== Segment start ==

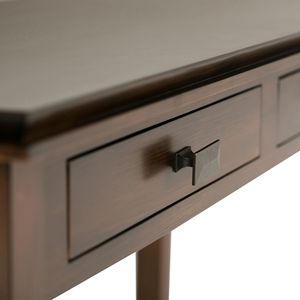 Tavolo Consolle Artigianale Marrone Russet - Product Image 5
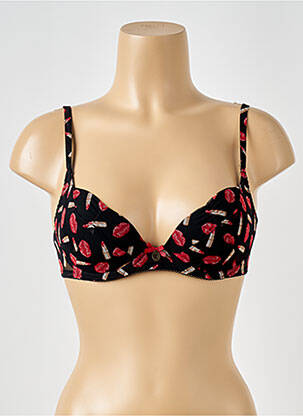 Soutien-gorge tissage tulle haut soutien-gorge emboitant noir ANTIGEL femme
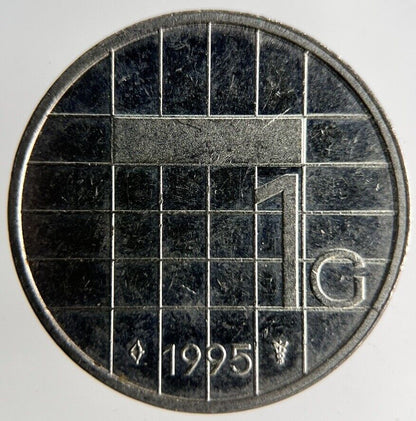 1995 Netherlands 1 Gulden Coin | Fine Collectable Grade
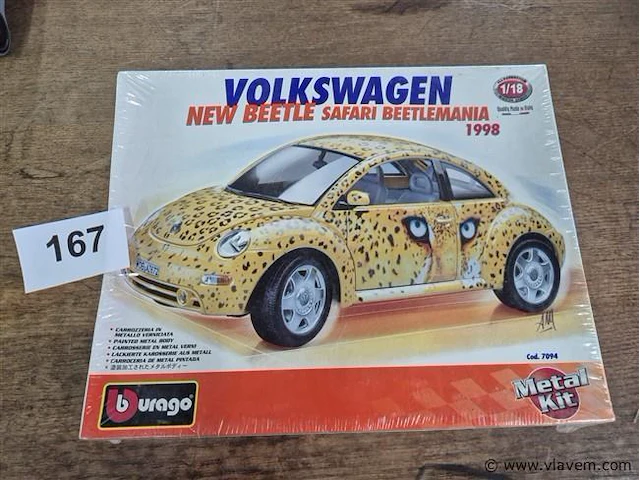 Vw 1/18 beetle - afbeelding 1 van  3
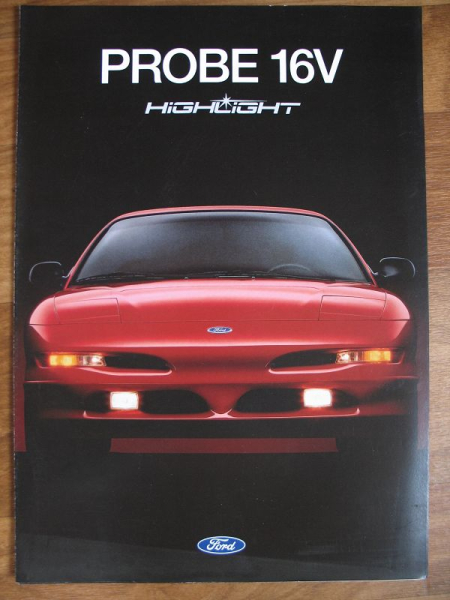 Ford Probe 16V Highlight, Prospekt von 1995, #210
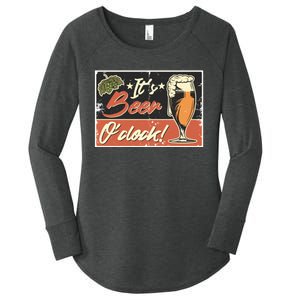 It's Beer O'clock Women's Perfect Tri Tunic Long Sleeve Shirt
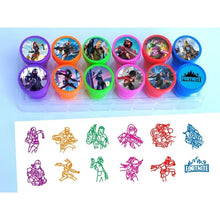 Lade das Bild in den Galerie-Viewer, 12 Stk. Fortnite Stempel zum spielen und Spaß haben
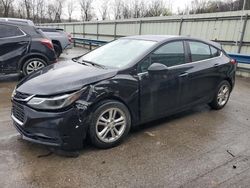 Salvage cars for sale from Copart Ellwood City, PA: 2018 Chevrolet Cruze LT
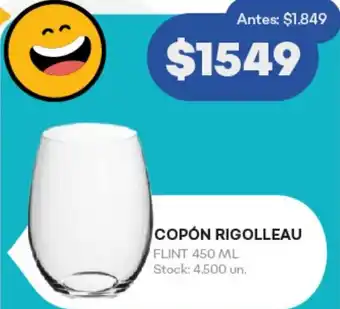 Supermercados Tadicor COPÓN RIGOLLEAU FLINT 450ML oferta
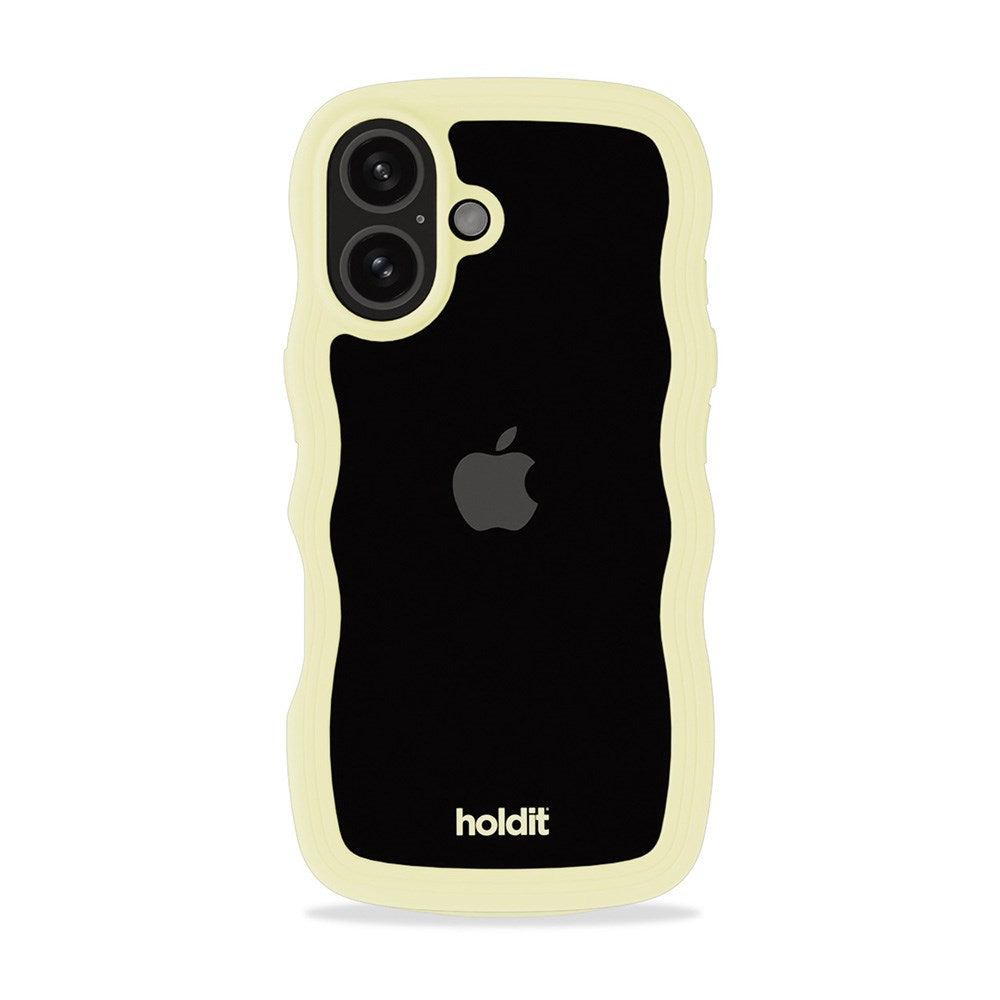 Holdit iPhone 16 Wavy Case - Lemonade / Transparent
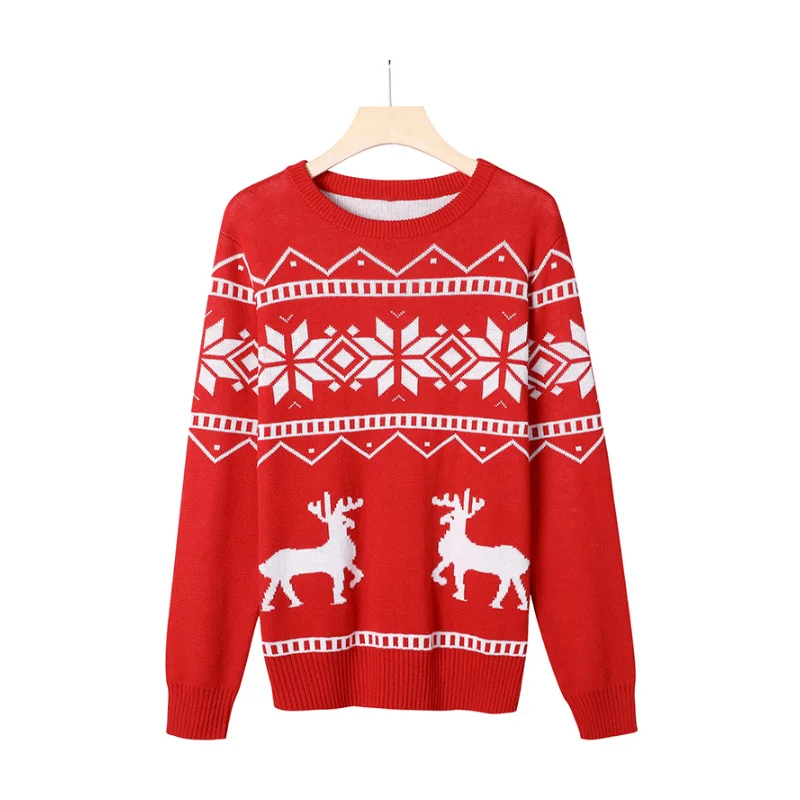 Customization merry christmas clothes fashion sweater women christmas sweaters for adults chunky knit sweater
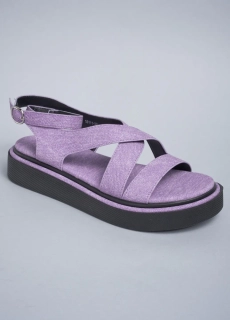 Босоніжки жіночі 343375 Fashion Фіолетовий
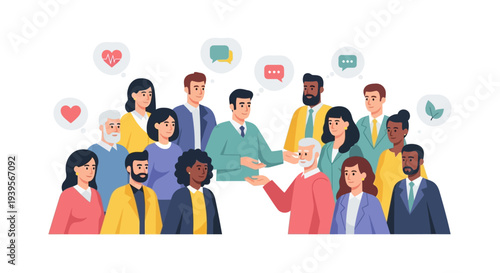 Diverse Group Communication & Collaboration with Social & Environmental Themes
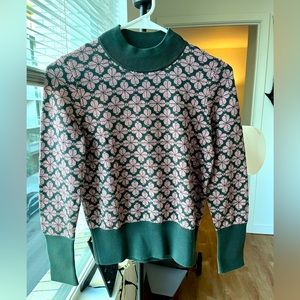 Metallic Pink/Green Kate Spade Sweater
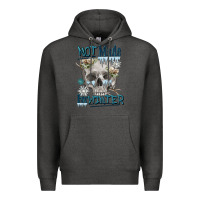 Charcoal Heather not made for winter skull Premium Hoodie - FaDigitalArtStudio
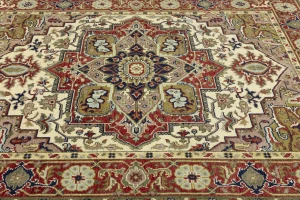 Scarlet Red 8X10 Heriz Serapi Oriental Rug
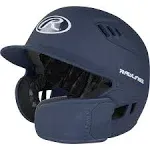 Rawlings R16 Reverse Matte Junior Batting Helmet in Navy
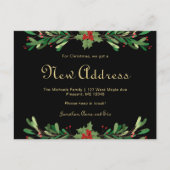 クリスマスグリーンリーニューアドレスホリデームーブメント ポストカード (正面)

== Segment end ==

_Instructions for the task_. A faithful copy of the data above is wanted, with every image left out.

_Answer to this exercise_.
 Tavolo Consolle Artigianale Marrone Russet - Product Image 5
 Soutien-gorge tissage tulle haut soutien-gorge emboitant noir ANTIGEL femme
 1995 Netherlands 1 Gulden Coin | Fine Collectable Grade
 Vw 1/18 beetle - afbeelding 1 van  3
 Ford Probe 16V Highlight, Prospekt von 1995, #210
 It's Beer O'clock Women's Perfect Tri Tunic Long Sleeve Shirt
 Lade das Bild in den Galerie-Viewer, 12 Stk. Fortnite Stempel zum spielen und Spaß haben
 Salvage cars for sale from Copart Ellwood City, PA: 2018 Chevrolet Cruze LT
 Supermercados Tadicor COPÓN RIGOLLEAU FLINT 450ML oferta
 Holdit iPhone 16 Wavy Case - Lemonade / Transparent
 Customization merry christmas clothes fashion sweater women christmas sweaters for adults chunky knit sweater
 Босоніжки жіночі 343375 Fashion Фіолетовий
 Diverse Group Communication & Collaboration with Social & Environmental Themes
 Metallic Pink/Green Kate Spade Sweater
 Charcoal Heather not made for winter skull Premium Hoodie - FaDigitalArtStudio
 Scarlet Red 8X10 Heriz Serapi Oriental Rug
 Rawlings R16 Reverse Matte Junior Batting Helmet in Navy
 クリスマスグリーンリーニューアドレスホリデームーブメント ポストカード (正面)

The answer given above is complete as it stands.